能の構成を大きく分類すると、“現在能”と“夢幻能”とに分けられます。
今回の三曲はこの夢幻能のジャンルのものです。
通常の劇は現在進行形で作られ、起承転結の展開になっています。能でも現在能と言われるものはこの構成で出来ています。
一方、夢幻能というのは能独特の構成を持ちます。
現在能が「生きた現実の世界」の劇であるのに対して、
夢幻能は「過去の追憶の世界」の劇であります。
一口に夢幻能といっても、実際には曲ごとに様々ですが、大体以下のような構成をもっております。
里人の姿で現れた亡霊(前シテ)は、この土地を訪れた旅の僧(ワキ)に昔この地であった物語を話し、弔いを勧め、自分が当事者のようにほのめかして立ち去ります。(中入、ここまでが前半です)
亡者の思いを聞いた僧は夜もすがら祈りを捧げます。念仏を受けた亡者はありし日の姿で再び現れ(後シテ)、読経を喜び、昔の出来事を語り、自身の心情を舞に託して訴えます。
或る人は無念の戦死であり、或る人は恋・愛の苦しみ、屈辱であり、或る人は生活の為の殺生です。

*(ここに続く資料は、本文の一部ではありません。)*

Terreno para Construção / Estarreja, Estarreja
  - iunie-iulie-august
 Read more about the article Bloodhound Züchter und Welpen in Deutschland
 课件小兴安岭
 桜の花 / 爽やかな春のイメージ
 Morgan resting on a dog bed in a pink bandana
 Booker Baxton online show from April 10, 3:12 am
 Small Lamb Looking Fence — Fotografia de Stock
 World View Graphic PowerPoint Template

それらはすべて成仏の妨げなのです。亡者は弔いを受けて成仏出来ることを喜び、夜明けと共に消え失せます。
これらは僧の夢の中の出来事だったのです。
前半は時の流れに沿って展開するのに対して、後半は主人公の在りし日の深い思いのあった時間に巻き戻り、物語が展開されます。すなわち時間は逆行するのです。
時間の逆行が夢幻能のキーポイントです。
碁はこのような構成で作られており、前場後場とありますので、複式夢幻能といいます。
維盛は前半が無く一場の構成になっていますので単式夢幻能といいます。所縁の人達が弔っている処へ主人公の亡霊が現れ言葉を交わします。
菅丞相は前場後場とありますので複式になっています。シテは亡霊ですが、ワキの夢の中の話の展開ではなく、現実の中に亡霊として登場してきます。またワキは旅の僧ではありません。やや変則的複式夢幻能となります。このたび再演される曲の中で『碁』は最も標準的な夢幻能であります。